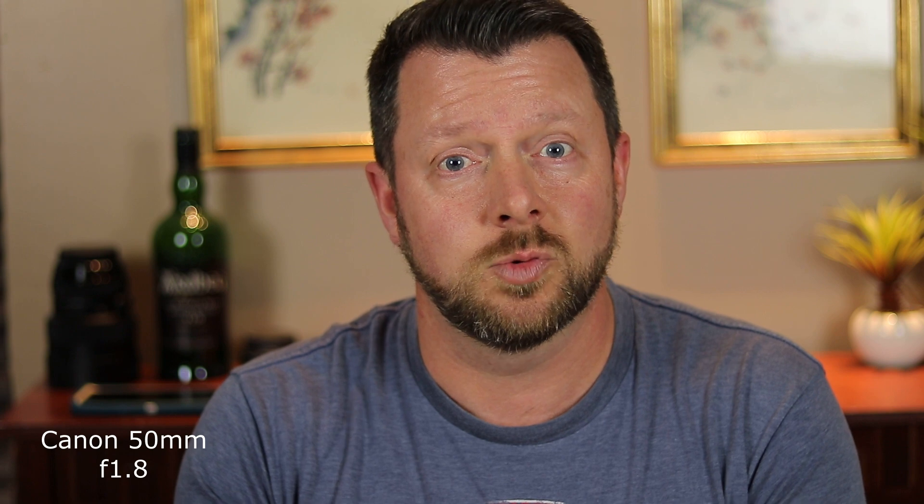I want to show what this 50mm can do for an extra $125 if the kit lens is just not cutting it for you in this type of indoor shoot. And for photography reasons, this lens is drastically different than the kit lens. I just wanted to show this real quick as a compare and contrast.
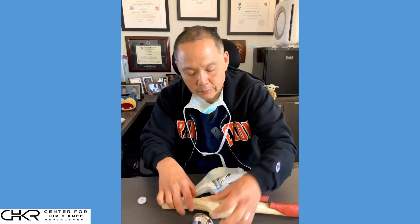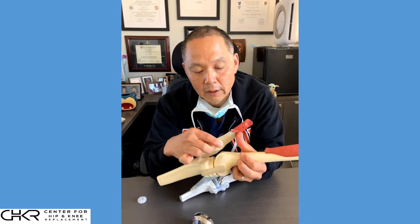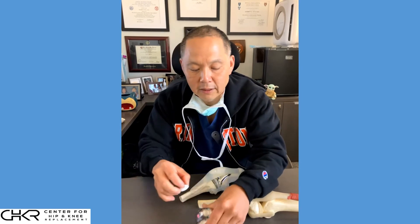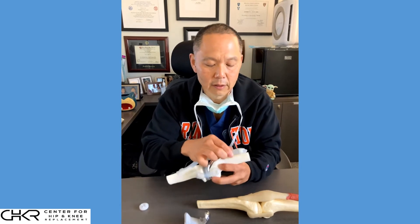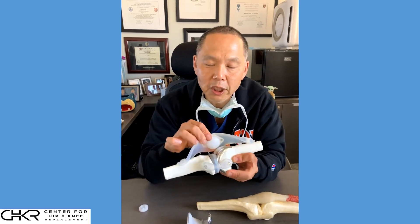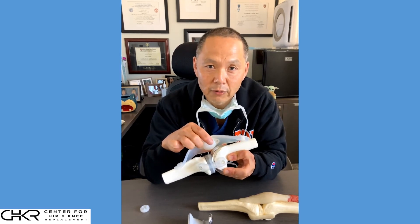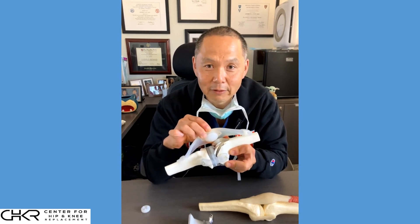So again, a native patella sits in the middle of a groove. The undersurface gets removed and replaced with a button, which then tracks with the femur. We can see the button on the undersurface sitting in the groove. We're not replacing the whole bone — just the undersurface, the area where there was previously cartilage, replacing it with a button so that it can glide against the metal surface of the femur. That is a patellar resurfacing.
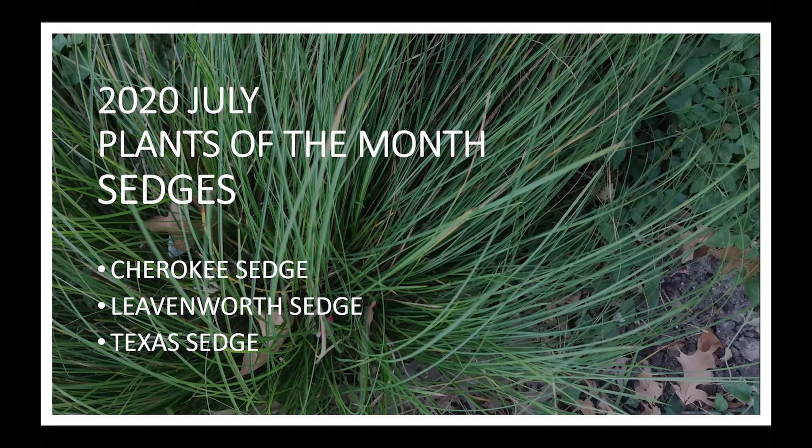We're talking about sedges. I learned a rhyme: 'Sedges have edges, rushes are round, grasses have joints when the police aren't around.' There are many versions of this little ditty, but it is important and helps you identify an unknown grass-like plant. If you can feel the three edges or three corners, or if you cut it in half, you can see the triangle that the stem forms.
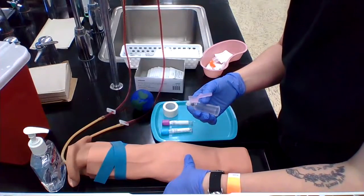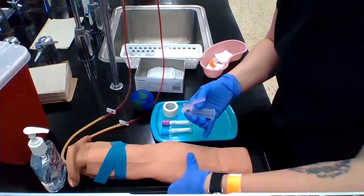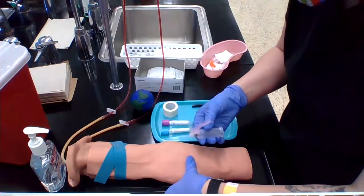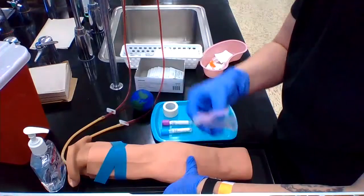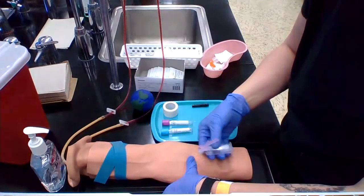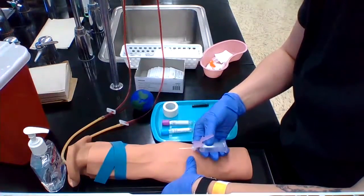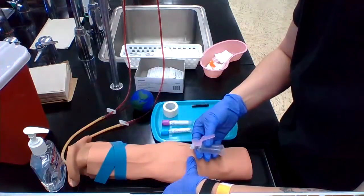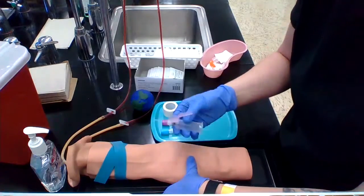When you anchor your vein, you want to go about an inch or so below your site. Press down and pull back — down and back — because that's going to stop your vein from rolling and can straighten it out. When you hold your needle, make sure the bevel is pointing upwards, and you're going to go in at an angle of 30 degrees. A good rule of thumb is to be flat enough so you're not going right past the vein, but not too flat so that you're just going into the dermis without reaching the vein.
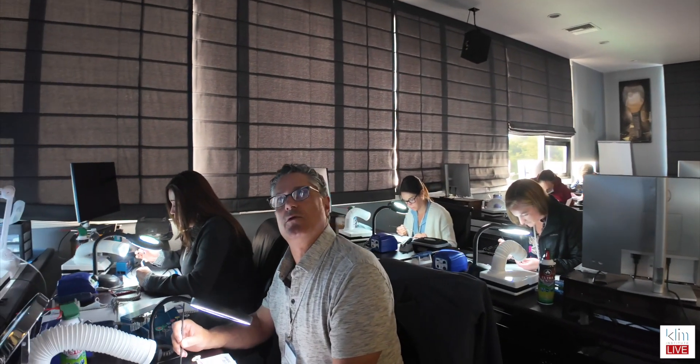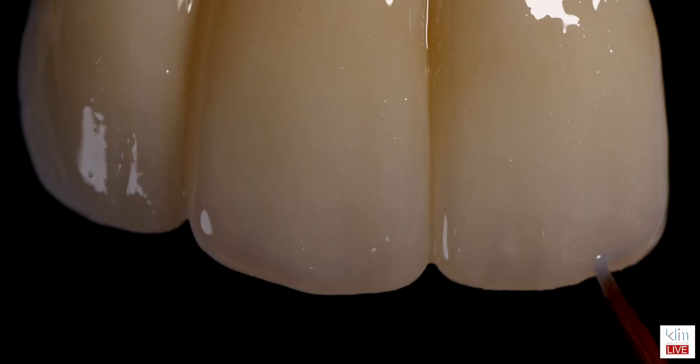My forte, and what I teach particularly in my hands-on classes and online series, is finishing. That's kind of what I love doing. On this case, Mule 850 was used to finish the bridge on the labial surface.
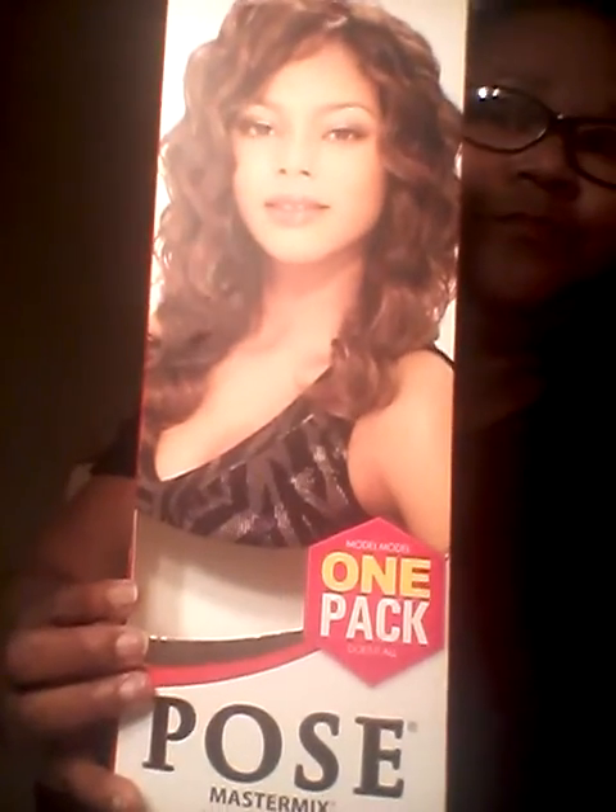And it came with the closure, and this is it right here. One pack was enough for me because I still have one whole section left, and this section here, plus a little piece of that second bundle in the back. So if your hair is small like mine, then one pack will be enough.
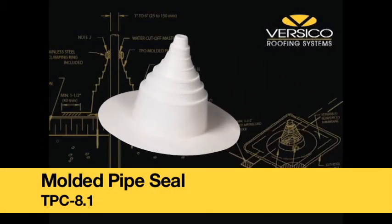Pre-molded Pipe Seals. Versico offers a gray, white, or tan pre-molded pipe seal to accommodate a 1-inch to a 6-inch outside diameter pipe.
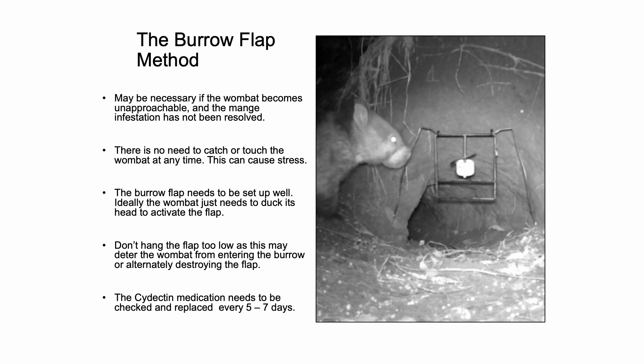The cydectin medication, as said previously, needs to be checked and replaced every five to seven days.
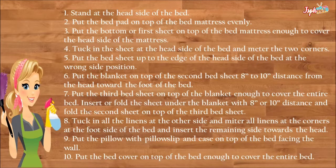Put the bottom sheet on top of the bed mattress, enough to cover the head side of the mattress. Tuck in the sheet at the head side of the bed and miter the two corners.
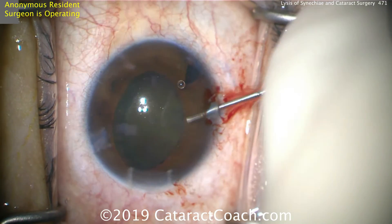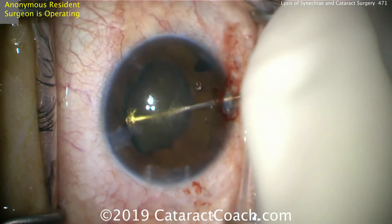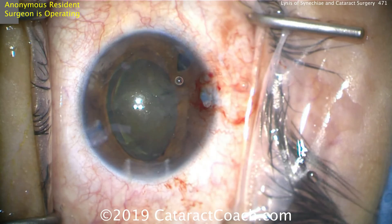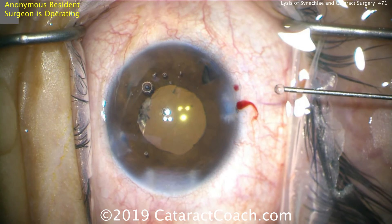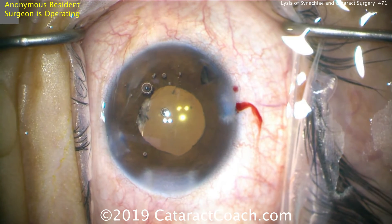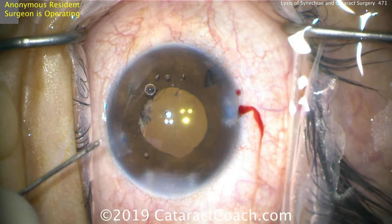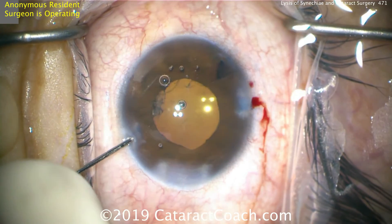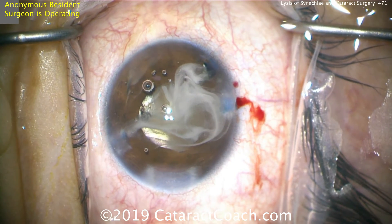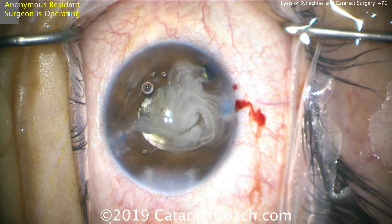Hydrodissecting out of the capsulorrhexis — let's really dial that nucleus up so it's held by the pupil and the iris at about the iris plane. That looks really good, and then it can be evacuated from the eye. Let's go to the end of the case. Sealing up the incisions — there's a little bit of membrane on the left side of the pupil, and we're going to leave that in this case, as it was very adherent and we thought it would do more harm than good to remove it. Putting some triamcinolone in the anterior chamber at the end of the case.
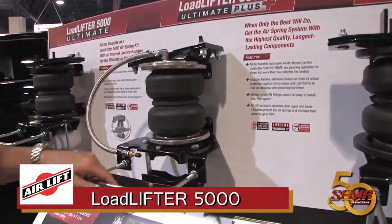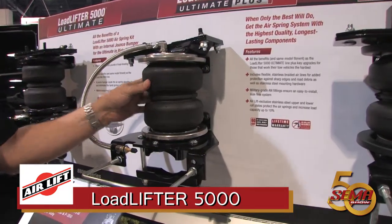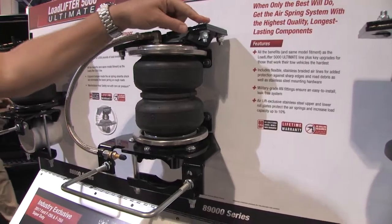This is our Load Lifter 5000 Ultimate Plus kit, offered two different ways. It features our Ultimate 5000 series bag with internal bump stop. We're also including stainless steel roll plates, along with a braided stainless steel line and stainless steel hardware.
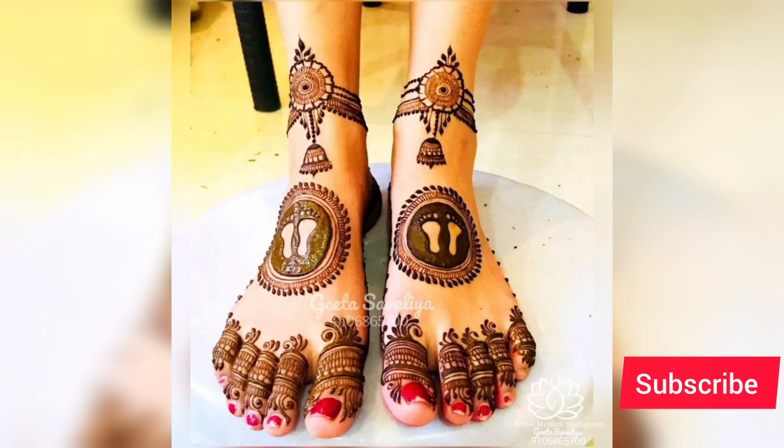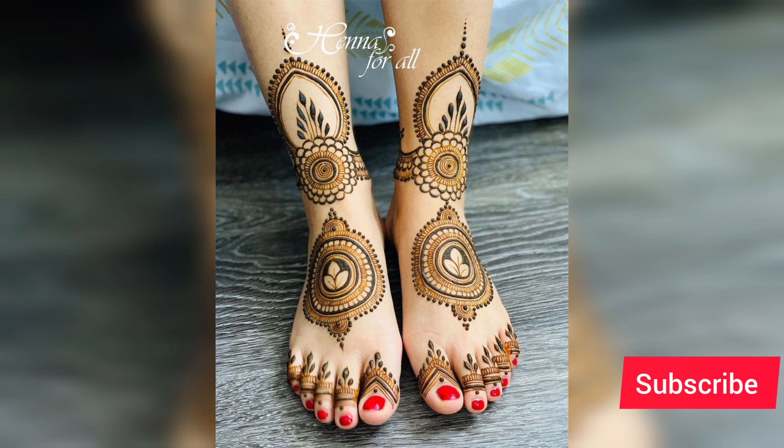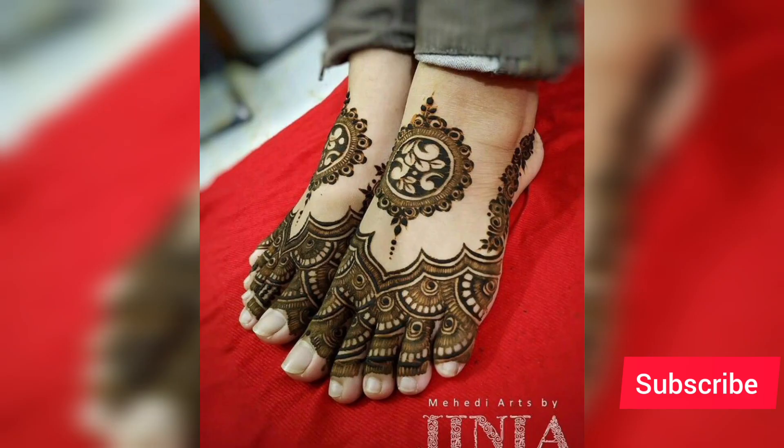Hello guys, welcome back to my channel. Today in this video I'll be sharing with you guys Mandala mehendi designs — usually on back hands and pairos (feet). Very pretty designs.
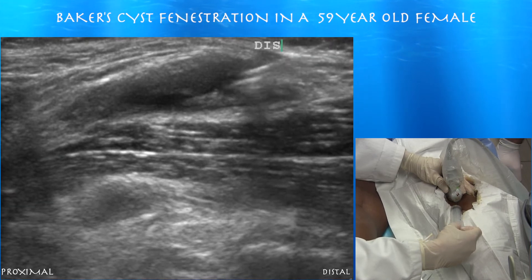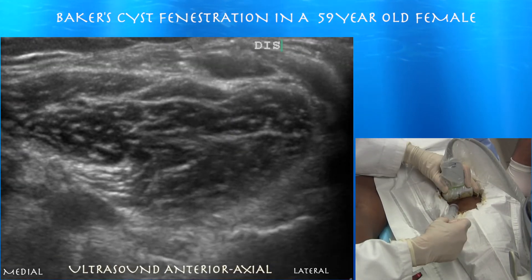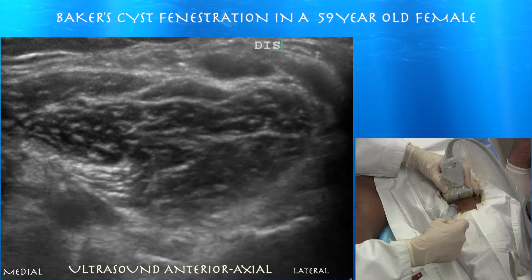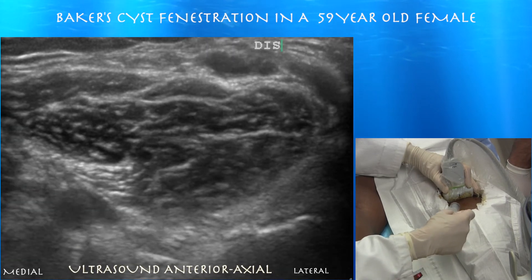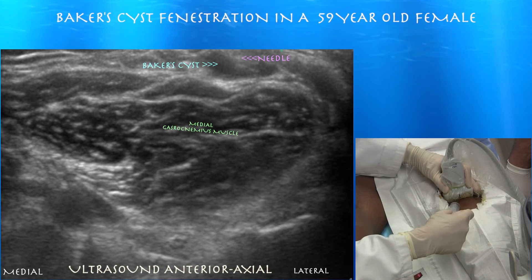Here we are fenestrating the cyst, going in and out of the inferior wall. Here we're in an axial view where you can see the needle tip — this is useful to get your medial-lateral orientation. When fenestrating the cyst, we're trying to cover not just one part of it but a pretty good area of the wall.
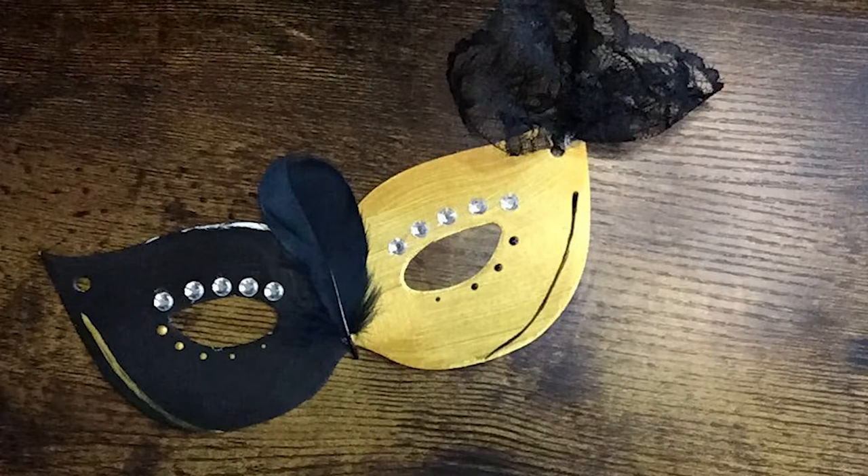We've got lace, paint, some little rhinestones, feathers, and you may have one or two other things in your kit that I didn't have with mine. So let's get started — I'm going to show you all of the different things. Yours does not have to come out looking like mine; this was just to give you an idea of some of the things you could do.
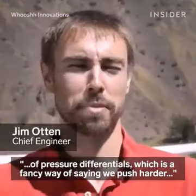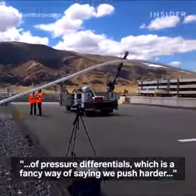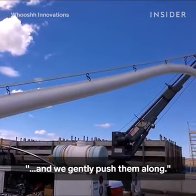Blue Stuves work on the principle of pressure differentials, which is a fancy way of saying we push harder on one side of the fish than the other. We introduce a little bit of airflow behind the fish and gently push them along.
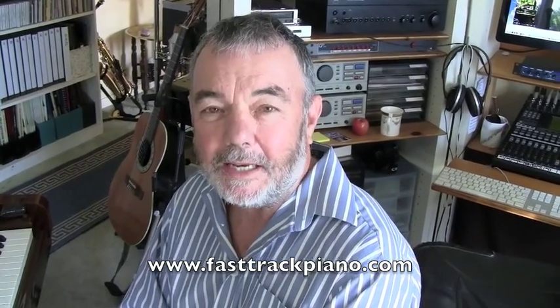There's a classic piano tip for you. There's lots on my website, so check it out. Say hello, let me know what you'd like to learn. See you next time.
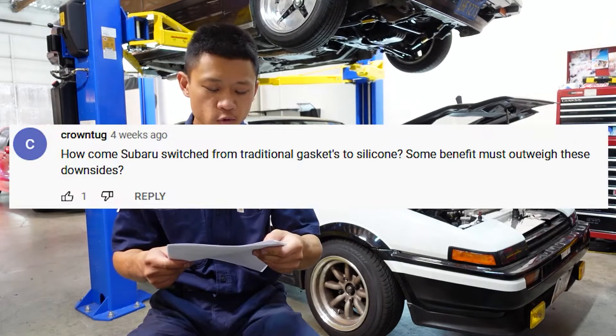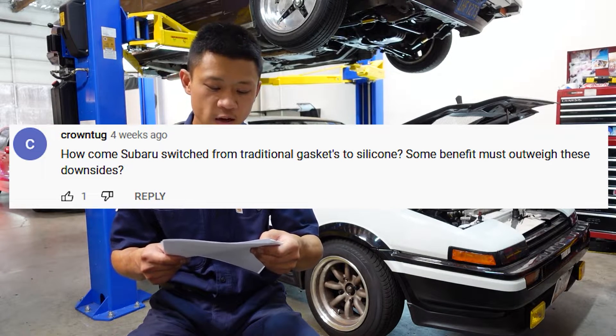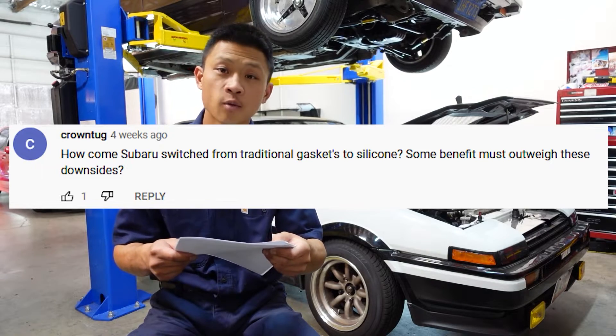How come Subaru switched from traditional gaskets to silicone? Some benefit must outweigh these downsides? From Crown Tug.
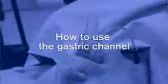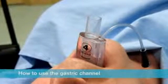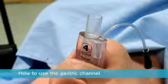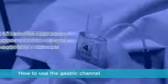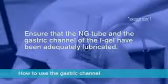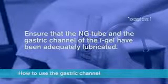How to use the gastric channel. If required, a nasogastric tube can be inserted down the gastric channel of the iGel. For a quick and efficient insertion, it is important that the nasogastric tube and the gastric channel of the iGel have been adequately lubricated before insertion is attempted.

▶ _YOUR ASSIGNMENT_: Exactly as written, give every entry again, but not the pictures.

▶ _REPLY_:
I want to show what this 50mm can do for an extra $125 if the kit lens is just not cutting it for you in this type of indoor shoot. And for photography reasons, this lens is drastically different than the kit lens. I just wanted to show this real quick as a compare and contrast.
So again, a native patella sits in the middle of a groove. The undersurface gets removed and replaced with a button, which then tracks with the femur. We can see the button on the undersurface sitting in the groove. We're not replacing the whole bone — just the undersurface, the area where there was previously cartilage, replacing it with a button so that it can glide against the metal surface of the femur. That is a patellar resurfacing.
We're talking about sedges. I learned a rhyme: 'Sedges have edges, rushes are round, grasses have joints when the police aren't around.' There are many versions of this little ditty, but it is important and helps you identify an unknown grass-like plant. If you can feel the three edges or three corners, or if you cut it in half, you can see the triangle that the stem forms.
When you anchor your vein, you want to go about an inch or so below your site. Press down and pull back — down and back — because that's going to stop your vein from rolling and can straighten it out. When you hold your needle, make sure the bevel is pointing upwards, and you're going to go in at an angle of 30 degrees. A good rule of thumb is to be flat enough so you're not going right past the vein, but not too flat so that you're just going into the dermis without reaching the vein.
My forte, and what I teach particularly in my hands-on classes and online series, is finishing. That's kind of what I love doing. On this case, Mule 850 was used to finish the bridge on the labial surface.
And it came with the closure, and this is it right here. One pack was enough for me because I still have one whole section left, and this section here, plus a little piece of that second bundle in the back. So if your hair is small like mine, then one pack will be enough.
Pre-molded Pipe Seals. Versico offers a gray, white, or tan pre-molded pipe seal to accommodate a 1-inch to a 6-inch outside diameter pipe.
The cydectin medication, as said previously, needs to be checked and replaced every five to seven days.
Put the bottom sheet on top of the bed mattress, enough to cover the head side of the mattress. Tuck in the sheet at the head side of the bed and miter the two corners.
Hydrodissecting out of the capsulorrhexis — let's really dial that nucleus up so it's held by the pupil and the iris at about the iris plane. That looks really good, and then it can be evacuated from the eye. Let's go to the end of the case. Sealing up the incisions — there's a little bit of membrane on the left side of the pupil, and we're going to leave that in this case, as it was very adherent and we thought it would do more harm than good to remove it. Putting some triamcinolone in the anterior chamber at the end of the case.
This is our Load Lifter 5000 Ultimate Plus kit, offered two different ways. It features our Ultimate 5000 series bag with internal bump stop. We're also including stainless steel roll plates, along with a braided stainless steel line and stainless steel hardware.
Hello guys, welcome back to my channel. Today in this video I'll be sharing with you guys Mandala mehendi designs — usually on back hands and pairos (feet). Very pretty designs.
Here we are fenestrating the cyst, going in and out of the inferior wall. Here we're in an axial view where you can see the needle tip — this is useful to get your medial-lateral orientation. When fenestrating the cyst, we're trying to cover not just one part of it but a pretty good area of the wall.
We've got lace, paint, some little rhinestones, feathers, and you may have one or two other things in your kit that I didn't have with mine. So let's get started — I'm going to show you all of the different things. Yours does not have to come out looking like mine; this was just to give you an idea of some of the things you could do.
Blue Stuves work on the principle of pressure differentials, which is a fancy way of saying we push harder on one side of the fish than the other. We introduce a little bit of airflow behind the fish and gently push them along.
There's a classic piano tip for you. There's lots on my website, so check it out. Say hello, let me know what you'd like to learn. See you next time.
How come Subaru switched from traditional gaskets to silicone? Some benefit must outweigh these downsides? From Crown Tug.
How to use the gastric channel. If required, a nasogastric tube can be inserted down the gastric channel of the iGel. For a quick and efficient insertion, it is important that the nasogastric tube and the gastric channel of the iGel have been adequately lubricated before insertion is attempted.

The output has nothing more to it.